A critical vulnerability has been discovered in Uniclare Student Portal v2, assigned a severity score of 9.8 out of 10. This flaw, a SQL injection, could allow a remote, unauthenticated attacker to steal or manipulate sensitive student data, disrupt portal services, and potentially gain control over the underlying database server. Immediate patching is required to prevent a significant data breach and operational disruption.

The vulnerability is a classic SQL injection that exists in one or more input fields of the student portal. The application fails to properly sanitize user-supplied input before using it in a database query. A remote attacker can exploit this by submitting specially crafted SQL statements, tricking the backend database into executing arbitrary commands. This can be used to bypass authentication controls, read sensitive data from any table in the database, modify or delete data, and in some configurations, execute operating system commands on the server.

This vulnerability is rated as critical with a CVSS score of 9.8. Exploitation could lead to severe consequences for the organization, including a major data breach of sensitive student and faculty information (personally identifiable information, grades, financial records). This would result in significant reputational damage, loss of trust, and potential regulatory fines under data protection laws. Furthermore, an attacker could manipulate data, such as altering grades or enrollment statuses, leading to a loss of data integrity. Successful exploitation could also lead to a complete compromise of the portal's server, providing a foothold for attackers to move laterally within the network.

Immediate Action: Update all instances of Uniclare Student Portal to the latest version as recommended by the vendor.

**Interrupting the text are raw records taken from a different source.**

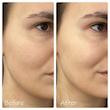 تونر آبرسان و درخشان کننده سنتلا هیالو سیکا اسکین 1004 Centella Hyalu-Cica Brightening Toner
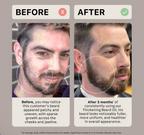 Huile à barbe épaississante Activiv – Parfum classique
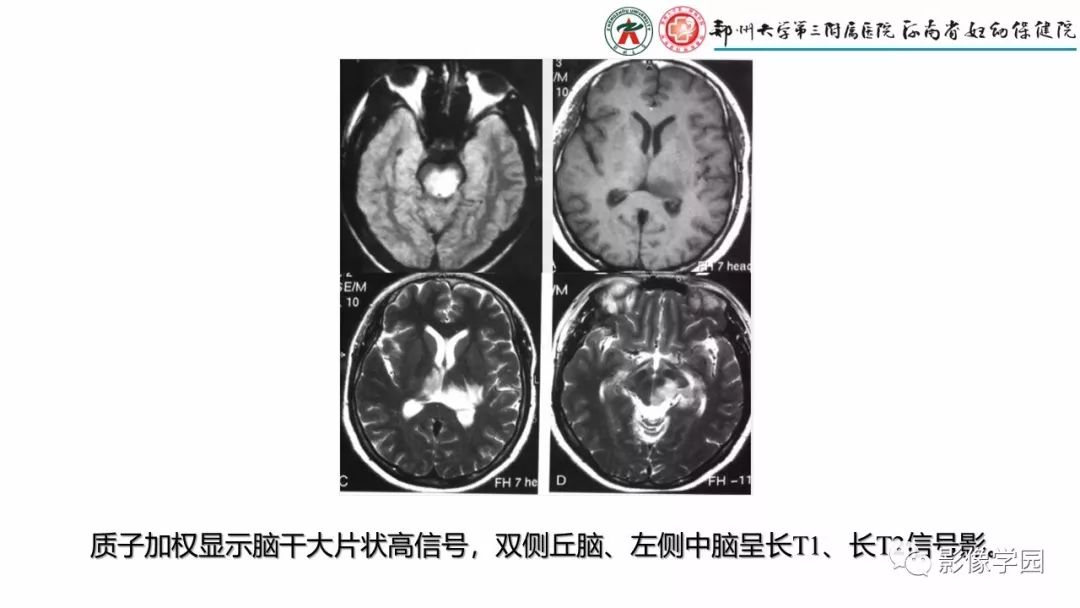 【PPT】脑干病变的影像学表现-24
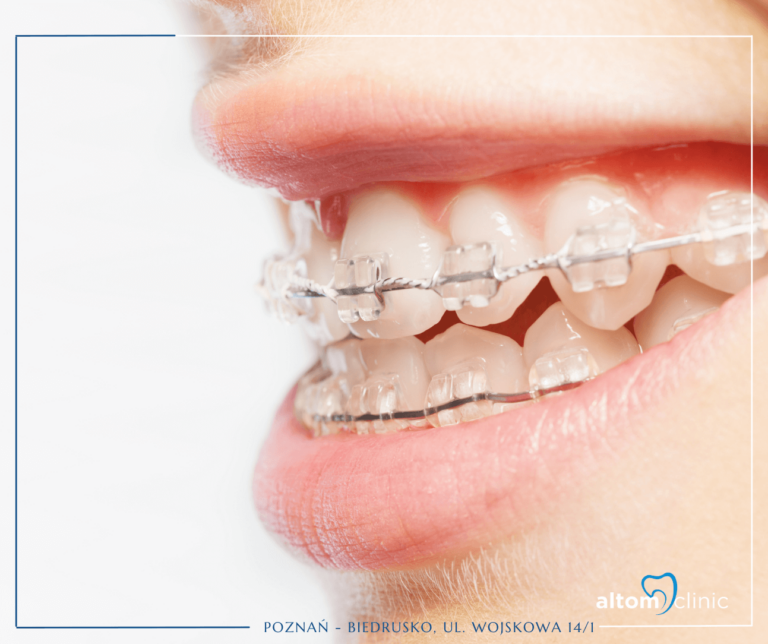 Kiedy warto nosić aparat ortodontyczny i dlaczego?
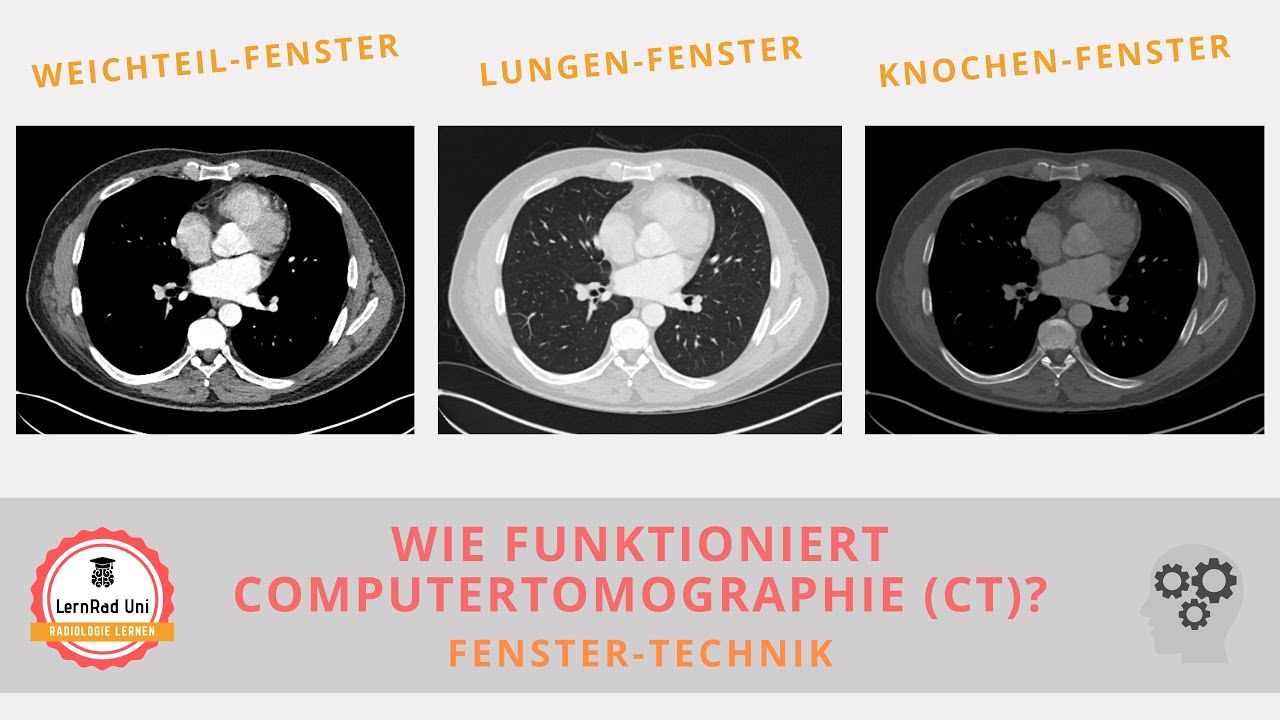 Wie funktioniert CT? Fenstern und 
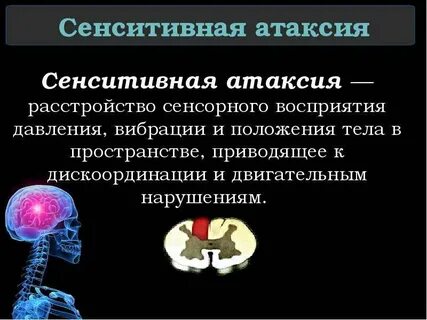Атаксия это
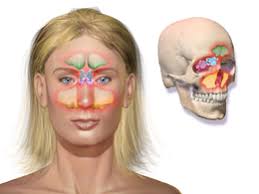 Sinusitis Wikipedia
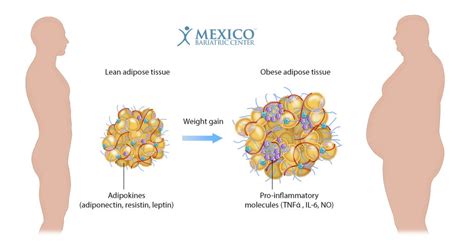 Does Bariatric Surgery Improve Adipose Tissue Function? - Fat Tissue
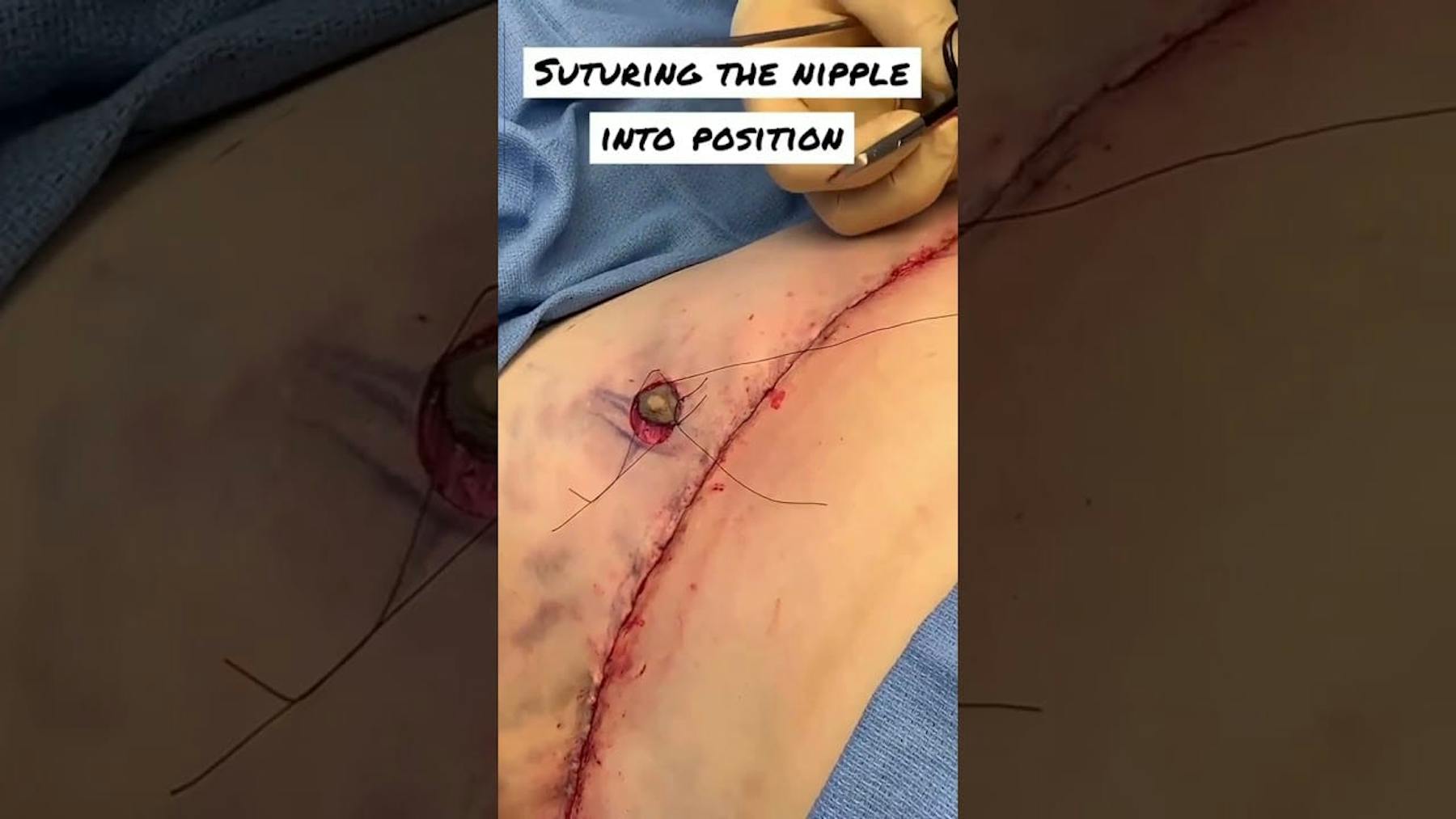 Colorado Plastic Surgery Center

After patching, monitor for any signs of exploitation attempts by reviewing historical access and database logs for indicators of compromise that may have occurred prior to the update.

Proactive Monitoring: Actively monitor web server and database logs for suspicious queries. Look for common SQL injection keywords (e.g., UNION, SELECT, SLEEP, --, ' OR '1'='1') in web request parameters. Monitor for unusual outbound network traffic from the database server, which could be a sign of data exfiltration.

Compensating Controls: If patching is not immediately possible, implement the following controls to mitigate risk:

• Deploy a Web Application Firewall (WAF) with rules specifically configured to detect and block SQL injection attacks.
• Restrict access to the student portal from untrusted IP ranges.
• Review database user permissions and ensure the application's service account operates with the principle of least privilege, preventing it from accessing unnecessary databases or executing system commands.

Public Exploit Available: false

Given the critical CVSS score of 9.8, this vulnerability represents a severe and immediate risk to the organization. We strongly recommend that all affected instances of the Uniclare Student Portal be updated to the latest version without delay. While this CVE is not yet on the CISA KEV list, its high impact and ease of potential exploitation make it a prime target. If patching cannot be performed immediately, compensating controls such as a WAF must be implemented as a temporary measure, and organizations should proactively hunt for evidence of compromise.